London, May 15: Fernando Alonso says being overtaken at the top of the Formula One championship by rookie sensation Lewis Hamilton worries him less than Ferrari's pace.

Spain's double world champion left his home Circuit de Catalunya on Sunday after another extraordinary afternoon for his 22-year-old McLaren team mate.

Hamilton, second behind Ferrari's Brazilian race winner Felipe Massa, roared into the record books as the youngest championship leader in the sport's history, with a two-point lead over Alonso.

It was the first time since March 2005, when he was at Renault and Italian Giancarlo Fisichella won the season-opening Australian Grand Prix, that the 25-year-old champion had lagged a team mate in the standings.

Despite that, and Hamilton's amazing record of four podium finishes from his first four races, Alonso said he was not concerned.
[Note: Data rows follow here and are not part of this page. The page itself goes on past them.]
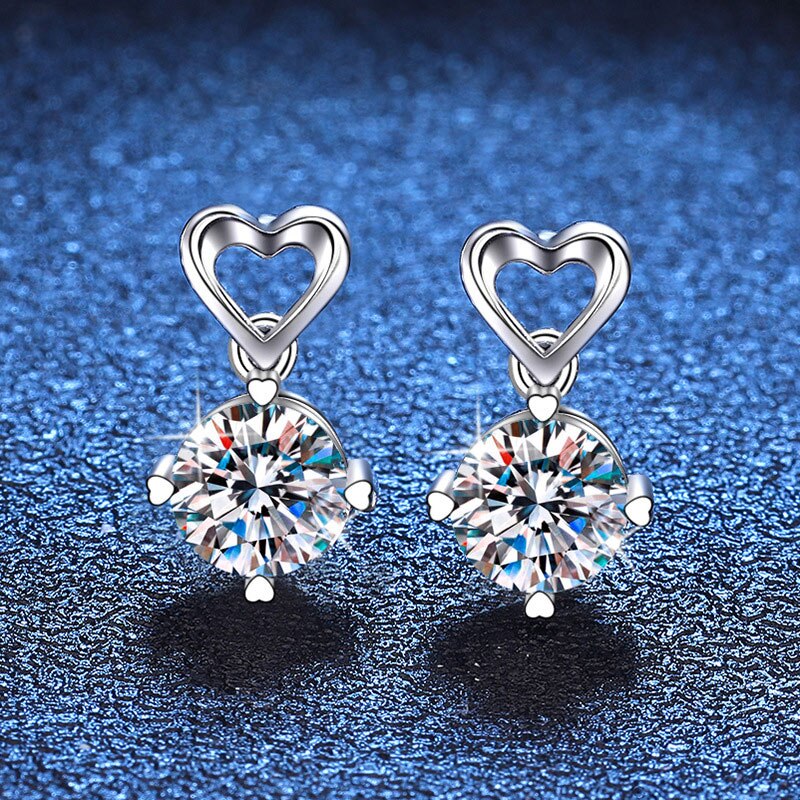 1CT Round Moissanite Pendant Earrings - Drip lordss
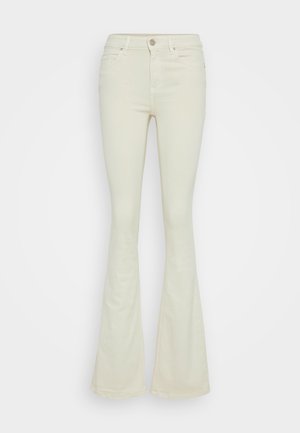 Flared jeans i lys beige bomullsdenim, med høy midje, fem-lommers design og klassisk metallknapp lukking med glidelås.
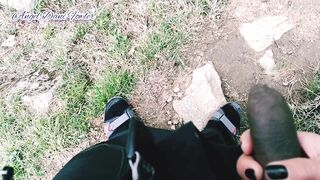 Outdoor BBC Pissing With Help Of Stranger Slut Girl.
"I think it is still the same," he told reporters when asked whether he still looked at his team mate in the same light as he did before the season started.

"He is still my team mate. After one or two races, we saw him become a championship contender and we still see him as one now," he added.
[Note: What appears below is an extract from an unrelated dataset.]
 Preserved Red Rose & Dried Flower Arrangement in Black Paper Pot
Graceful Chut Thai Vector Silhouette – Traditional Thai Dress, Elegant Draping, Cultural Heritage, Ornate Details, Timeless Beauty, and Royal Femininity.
"In a way, I look at him the same way I look at Kimi (Raikkonen) or Felipe, opponents for the championship. I have to beat them all if I want to become champion.
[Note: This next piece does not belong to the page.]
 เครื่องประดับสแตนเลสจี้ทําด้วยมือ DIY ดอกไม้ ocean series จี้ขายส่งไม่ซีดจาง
"But he is the one who worries me least because he is my team mate and we are here to help each other. I worry more about the Ferrari pace than if Lewis is two points ahead of me," said Alonso, beaten by Hamilton for the second successive race.

Monaco target

Hamilton was helped by Massa and Alonso coming together at the first corner with the Spaniard running wide on to the gravel while the Briton roared past.

The rookie's third second place in a row made him the first Briton to lead the championship since David Coulthard with McLaren at the start of 2003.

Already the only driver to stand on the podium in all of his first three races, Hamilton's fourth sent him into the history books as the youngest leader - ousting his team's late founder Bruce McLaren who set the previous record in 1960.

Asked after Sunday's race whether he had thought it was possible when the season began that he would lead the standings, Hamilton said: "No, not at all. I just want to do a good job and that is what I'm doing. With that in mind, I've got the points. But no, I definitely didn't expect to do as well as I'm doing."

Monaco, the glamour highlight of Formula One's calendar, is next up and Hamilton could well add a victory to his remarkable resume.

The 22-year-old has raced there three times, in Formula Three and the GP2 support series, and won every time. After the Spanish race, he turned to Massa and assured the Brazilian that he would get him soon.

McLaren chief executive Martin Whitmarsh agreed that the prodigy had every chance, even if Alonso won there for Renault last year and Raikkonen the year before with McLaren.

"I think Lewis has been gearing himself, as he tucks himself into bed at night, to the idea of winning in Monaco," he told Reuters.

"But the truth is that both of our guys are very quick there ... I think they both fancy their chances and the car will suit there as well."

If Hamilton wins that one, then Alonso may not feel so quite comfortable with a team mate who has yet to put a foot wrong and has more and more superlatives heaped on him with every race.